EDH can occur after several cranial procedures, as the epidural space is violated. Decreased intracranial pressure (ICP) after craniotomies or CSF diversion procedures would allow the collection of a hematoma in the subdural or the epidural space.[ 15 ] Two essential factors are necessary for the development of EDH; the first is the presence of a bleeding source and the second is the dura mater separation from the cranial vault.[ 5 ] Schorstein et al. mentioned that the decreased ICP led to the traction of the dura leading to separation in some areas. The traction exerted by the brain’s venous attachment on the dura would also be a factor leading to venous hematoma. There is controversy on finding a recognizable source of bleeding, Sengupta and Hankinson review, they failed to find a recognizable source of bleeding either at necropsy or during reexploration which is consistent with our case,[ 15 ] while, Niimura et al. review reported that a source of bleeding was identified in 67% of the reported cases.[ 10 ]

The frontoparietal lobes are the most common locations of EDH. This may be attributed to the loose attachment of the dura in this region to the cranial vault.[ 5 ] EDH tends to occur within hours after lowering the increased ICP. Odake and Matsumoto reported the largest case series of EDH after ventricular procedures, including VP and ventriculoatrial shunts, ventriculography, ventricular puncture, and others.[ 12 ]
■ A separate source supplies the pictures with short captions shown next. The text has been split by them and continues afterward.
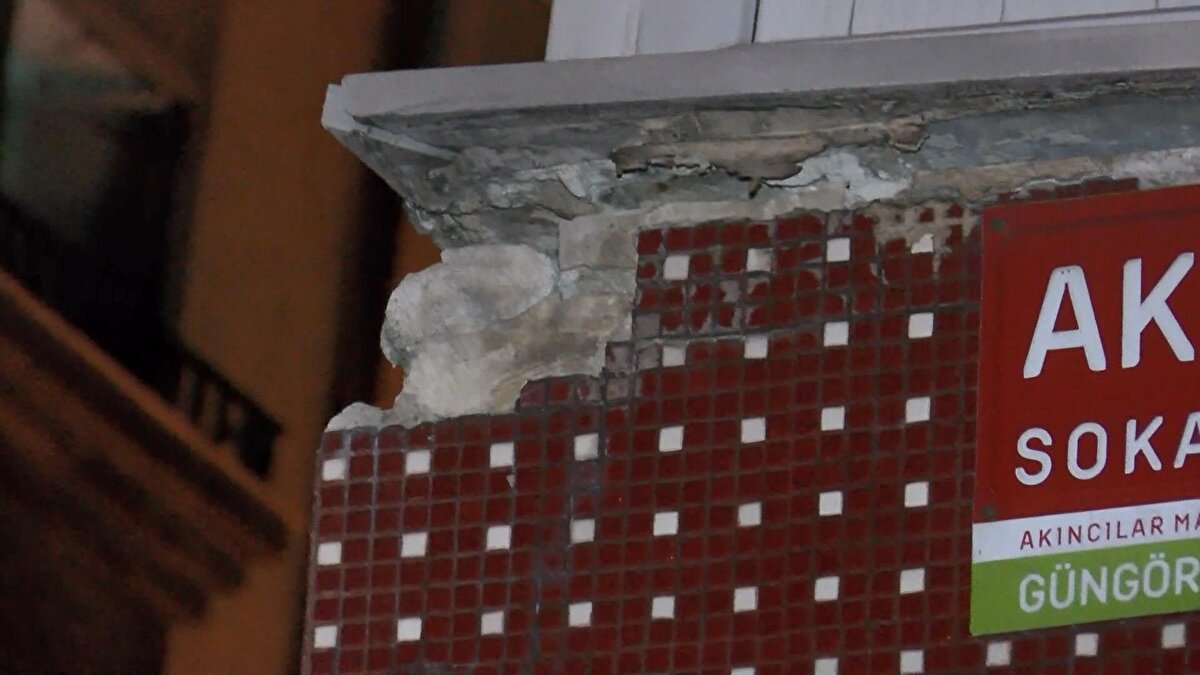 "HERHALDE EV SAHİBİ BOYAYIP VERDİ"<br>Daire sakini Cemal Soysal, "Önceden balkonda çökme vardı, bugün de biraz eğilme oluşmuş. 45 - 50 yıllık bir bina olduğu için binada da çatlaklar var. Bizim pencerenin altında da çatlaklar var. Benim ilk girdiğimde öyle bir şey yoktu, herhalde ev sahibi boyayıp verdi. Balkonu kapatmışlar, herhalde biraz da yük binmiş. Aşağıya doğru bir eğilme oldu" dedi.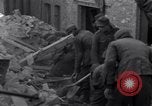 Immagine di Prigionieri tedeschi Bastogne Belgio, 1945, secondo 27 filmato di repertorio 65675028440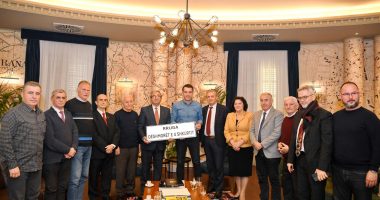 79 vjet nga masakra, një segment rruge emërtohet “Dëshmorët e 4 Shkurtit”, Veliaj: I rikthejmë dinjitetin rrugëve të Tiranës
EVD was first described by Dandy.[ 17 ] The most common complications related to EVD are hemorrhage and infection; however, there is sparse reporting of hemorrhagic complications of EVD in the literature.[ 9 ] EDH is rare after EVD placement. It can occur either at the site of EVD placement or at a distant site.[ 1 ] In our case, hematoma occurred remotely at the parietal lobe on the opposite side.

Release of CSF after lumbar punctures has been previously reported to cause the development of hemorrhage. In most cases, it would cause a spinal epidural hematoma, however, it was previously reported to cause intracranial hemorrhage.[ 7 ]
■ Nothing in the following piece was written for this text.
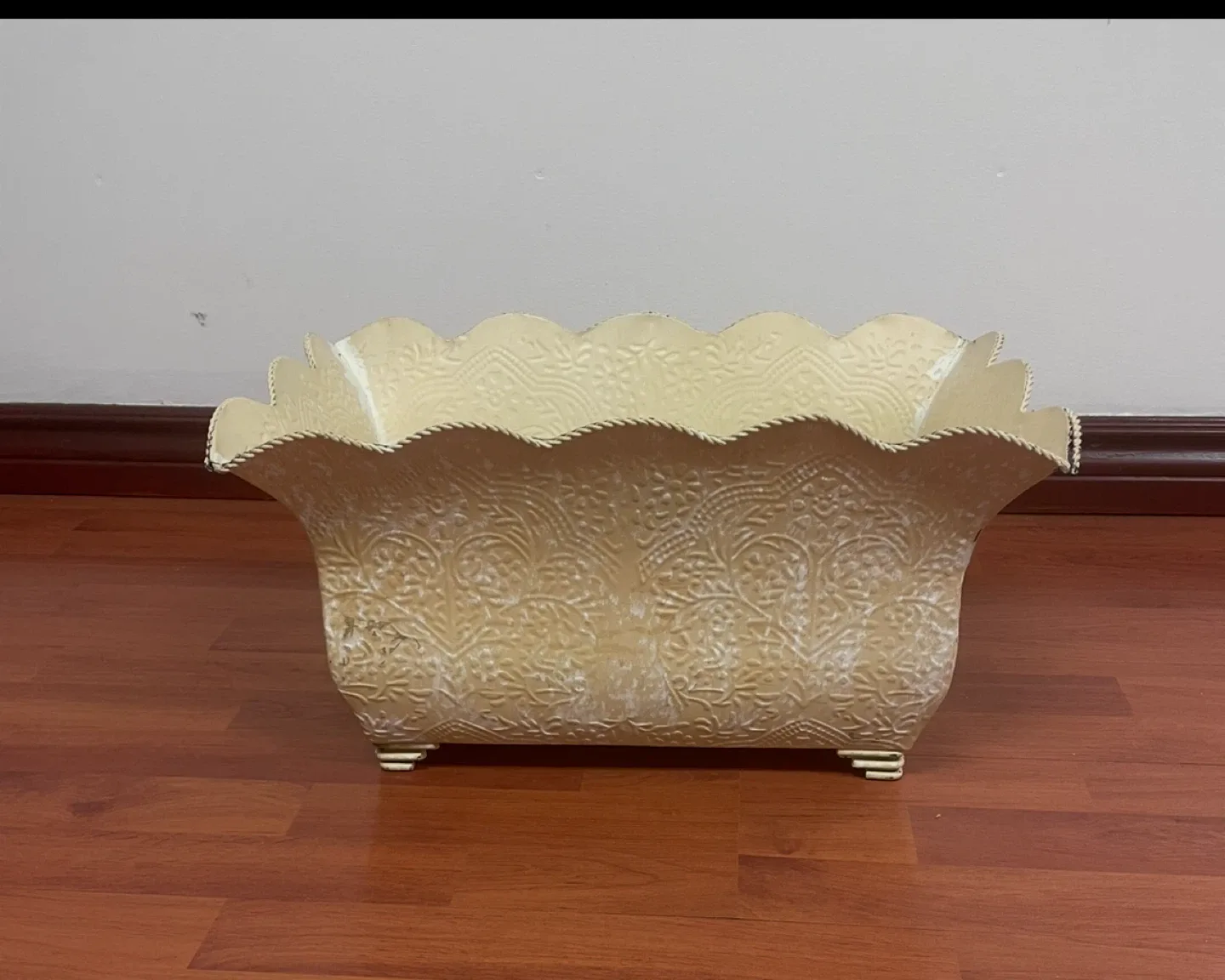 Decorative light metal Planter image indicator(2)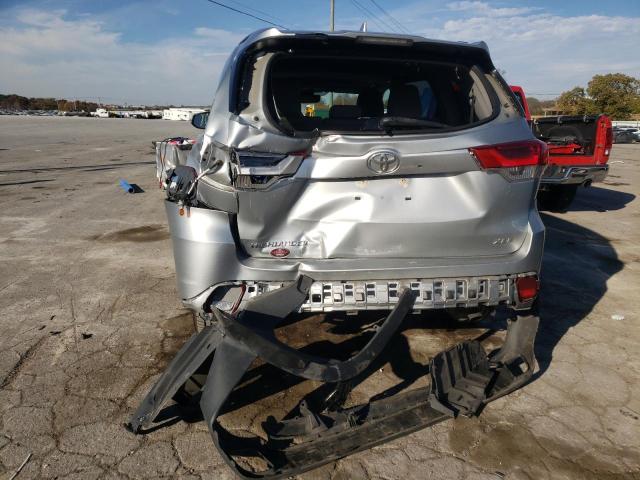 5TDKZRFH5JS528230 - 2018 TOYOTA HIGHLANDER ვერცხლისფერი ფოტო 9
The cortex collapse as the etiology of hematomas should be taken into consideration as it can lead to traction forces on the middle meningeal artery or its branches which are slightly adherent to the skull.[ 14 ] Seyithanoglu et al. hypothesized that the arachnoiddura adhesions are tighter than the dura-skull adhesions and thus overdrainage would lead to hematoma formation in the epidural space rather than the subdural space.[ 16 ]
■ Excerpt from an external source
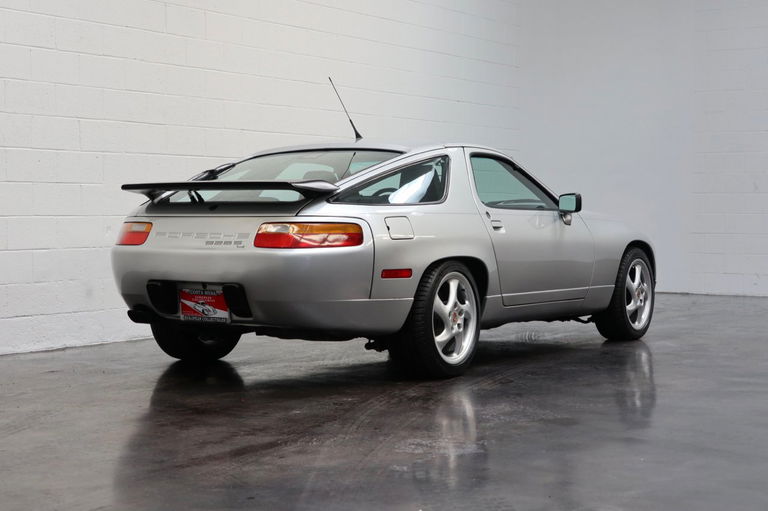 Porsche 928 S4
It seems that the 40 ml over 20 min lead to EDH may be attributed to rapid dilated ventricles decompression with dura mater stripping from the bone leading to an acute EDH. In addition, the longstanding hydrocephalus associated with the decreased brain parenchyma thickness has led to the event. Till now, it is unavoidable to use the ventricular tapping technique in the CSF infection management in open fontanelle infants in lower income countries settings. Furthermore, there are no guidelines on the indications, precautions, contraindications, tapping volume, and speed of the tap in the literature. We are calling neurosurgeons from lower income countries that are using this technique to report their techniques and outcomes to set guidelines for this technique to avoid future complications.

CONCLUSION

To the best of our knowledge, we present the first reported EDH after a ventricular tap through the anterior fontanelle, which can rapidly evolve and lead to patient death. Neurosurgeons must be aware of such complications that can happen despite the slow CSF tapping. Clinical monitoring of the conscious level is essential to detect this hazard and manage it properly. Furthermore, we are calling for further studies, especially from low resource countries to present their experience on the clinical outcomes and techniques of the transfontanellar tapping to prevent this unfortunate incident in the future.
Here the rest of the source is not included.